Task directions:
Where a picture appears, leave it out, and print the rest of the records as they are.

══ Input for this task

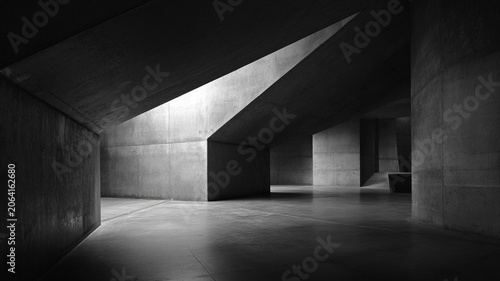 Futuristic Minimal Concrete Architecture Interior With Geometric Light and Shadows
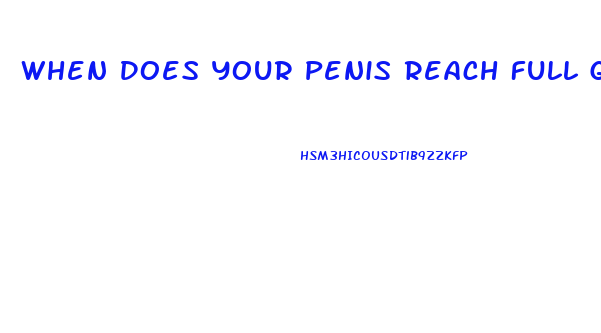 When Does Your Penis Reach Full Growth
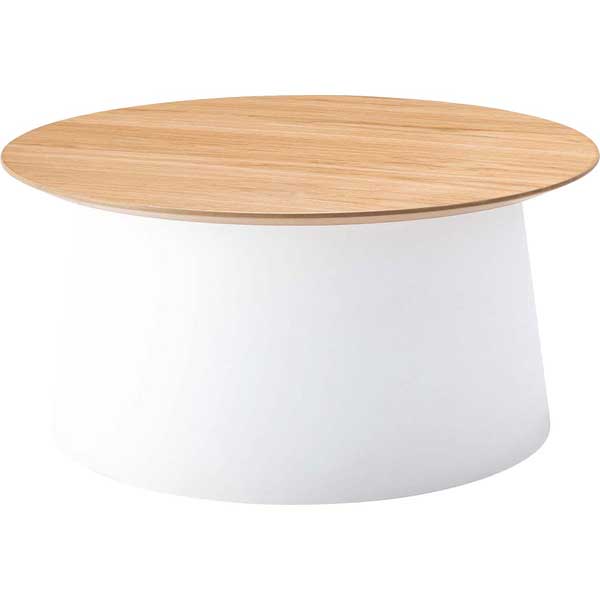 サイドテーブル 丸形 おしゃれ 北欧 白灰 木製天板 ポリプロピレン Ｌサイズ 2カラー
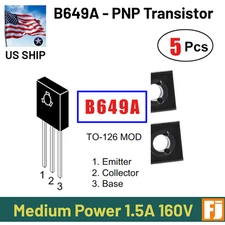 2 Pcs - B649A PNP Transistor | TO-126 | 1.5 Amp 160 Volts | US Ship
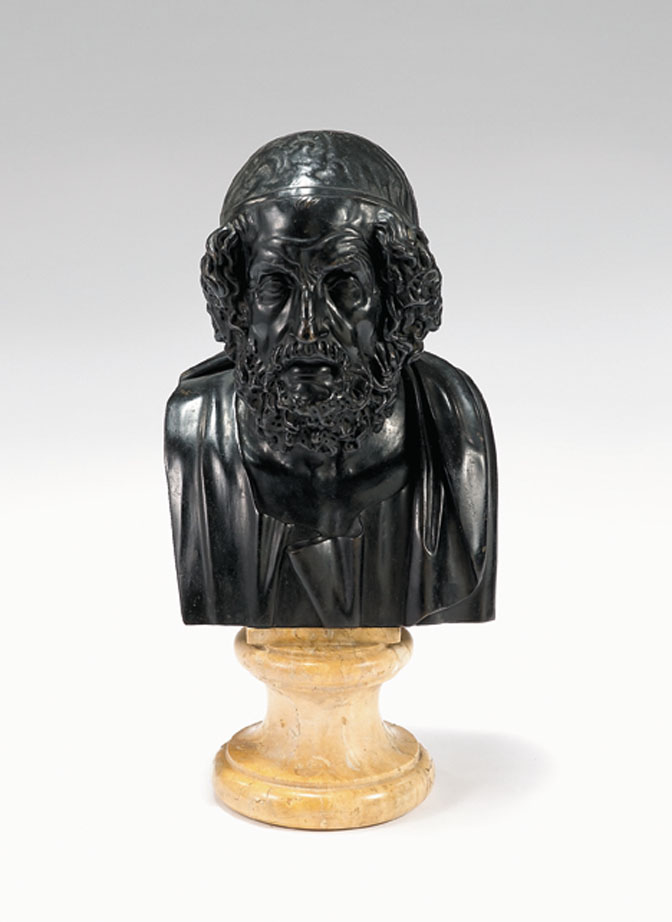 After the antique, bronze bust of Homer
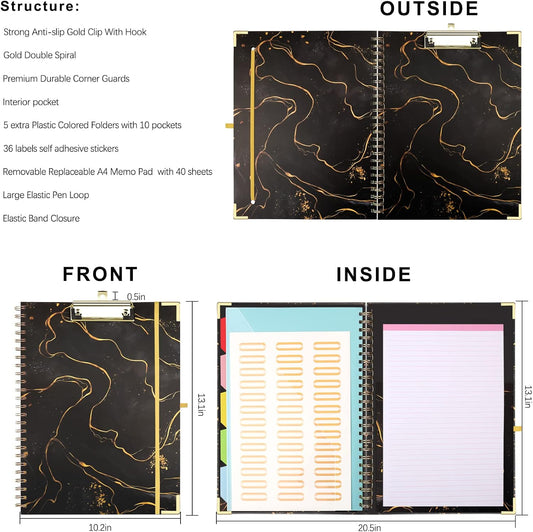 Foldable Spiral Clipboard Folio with Refillable Lined Notepad,5 Plastic Folders with 10 Pockets,Storage Clipboard Folder with Labels,Clipboards with Storage for Office Planner Clip Board-Pale Blue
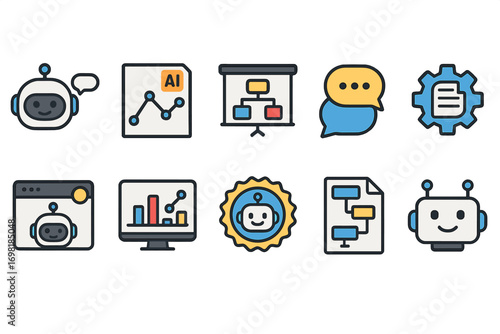 Technology innovation flat icon set. ai, chatbots, automation, data visualization icons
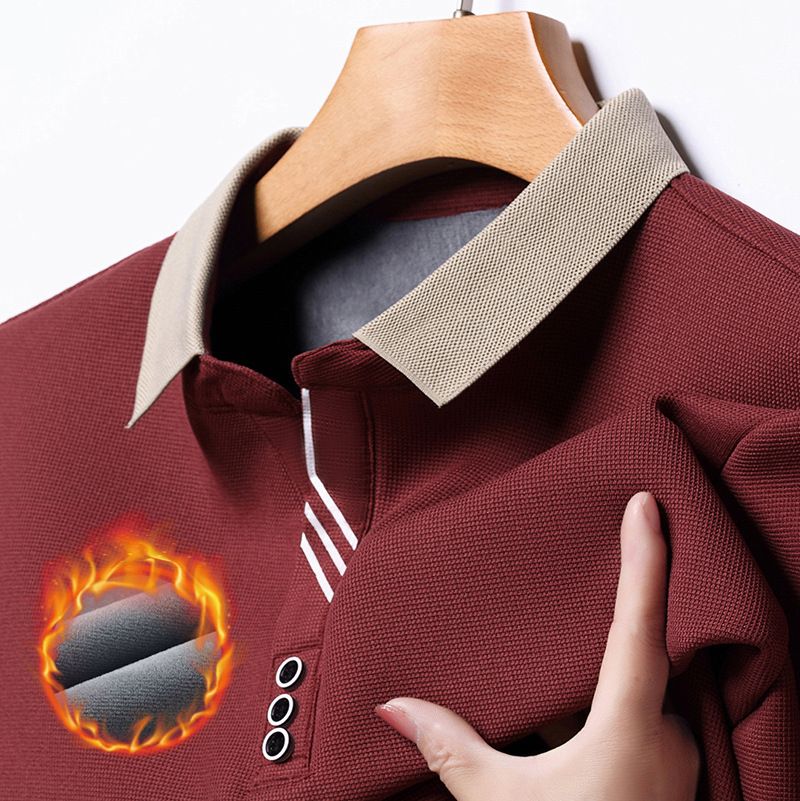 Herbst und Winter Herren Samt Polo T-Shirt Mode Vielseitiges Langarm Top Verdicktes Warmes Hemd_voghion.com
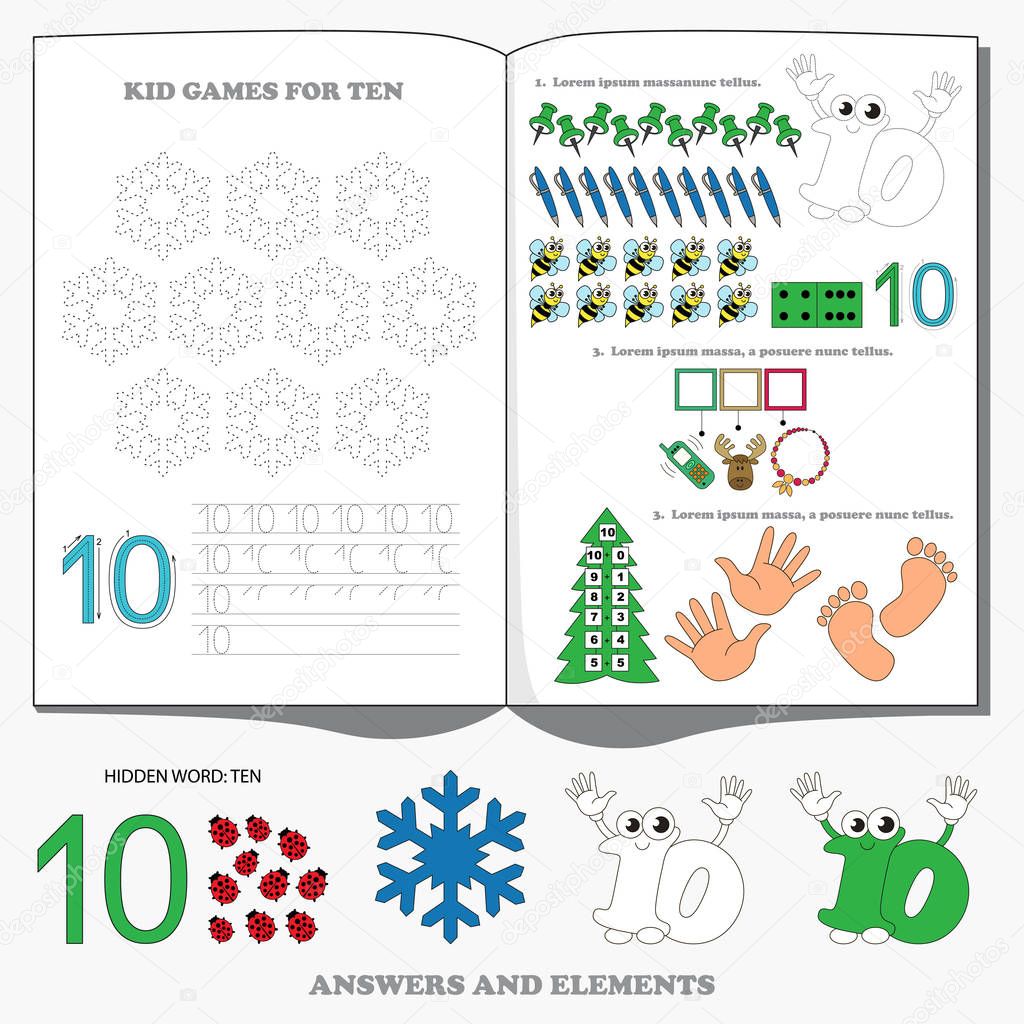 Large game set for figure Ten. Dot to dot educational game for kids.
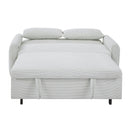 57.48" Pull-out Sofa Bed Convertible Couch 2 Seat Loveseat Sofa Modern Sleeper Sofa with Two Throw Pillows and USB Ports for Living Room, Light Blue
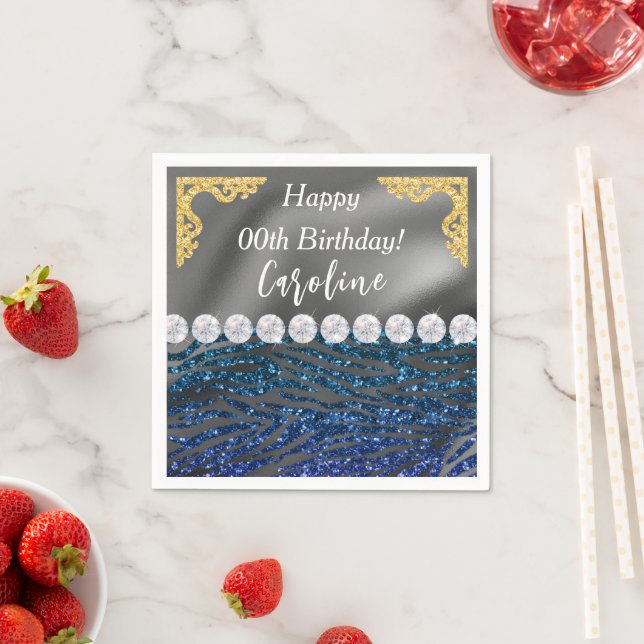 Violet Blue Zebra Print Glitter Birthday Napkin (Insitu)
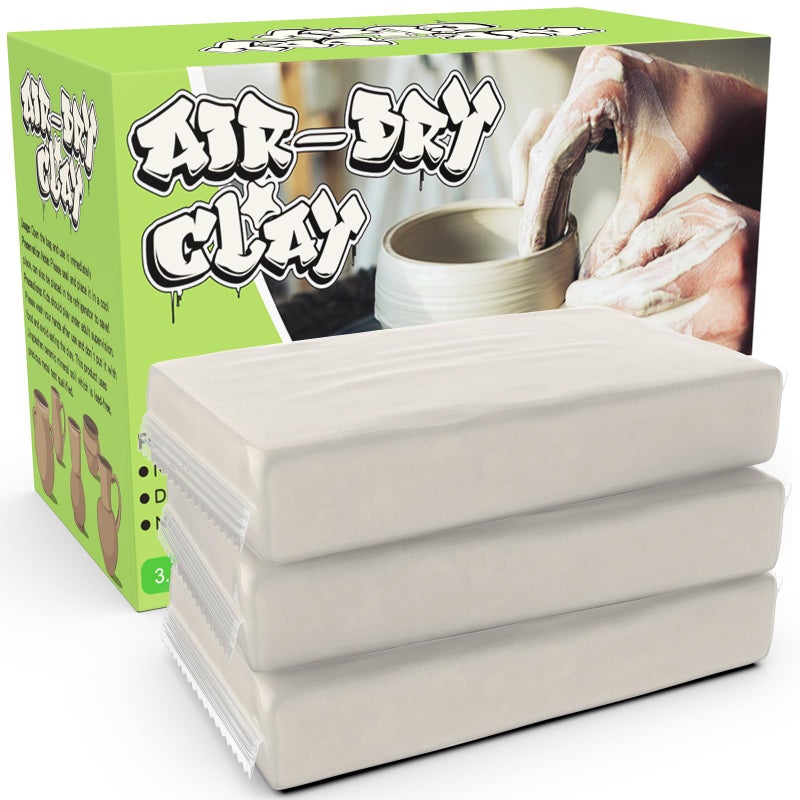 Premium Air Dry Clay for Kids Natural Modeling Pottery Clay for Wheel 33lbs Kids Arts Crafts Supplies for School Classrooms Easter Gifts Toy for Kid White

════

Response:
 Futuristic Minimal Concrete Architecture Interior With Geometric Light and Shadows
 When Does Your Penis Reach Full Growth
 サイドテーブル 丸形 おしゃれ 北欧 白灰 木製天板 ポリプロピレン Ｌサイズ 2カラー
 2 Pcs - B649A PNP Transistor | TO-126 | 1.5 Amp 160 Volts | US Ship
 After the antique, bronze bust of Homer
 Foldable Spiral Clipboard Folio with Refillable Lined Notepad,5 Plastic Folders with 10 Pockets,Storage Clipboard Folder with Labels,Clipboards with Storage for Office Planner Clip Board-Pale Blue
 Technology innovation flat icon set. ai, chatbots, automation, data visualization icons
 Herbst und Winter Herren Samt Polo T-Shirt Mode Vielseitiges Langarm Top Verdicktes Warmes Hemd_voghion.com
 Large game set for figure Ten. Dot to dot educational game for kids.
 57.48" Pull-out Sofa Bed Convertible Couch 2 Seat Loveseat Sofa Modern Sleeper Sofa with Two Throw Pillows and USB Ports for Living Room, Light Blue
 Violet Blue Zebra Print Glitter Birthday Napkin (Insitu)
 Premium Air Dry Clay for Kids Natural Modeling Pottery Clay for Wheel 33lbs Kids Arts Crafts Supplies for School Classrooms Easter Gifts Toy for Kid White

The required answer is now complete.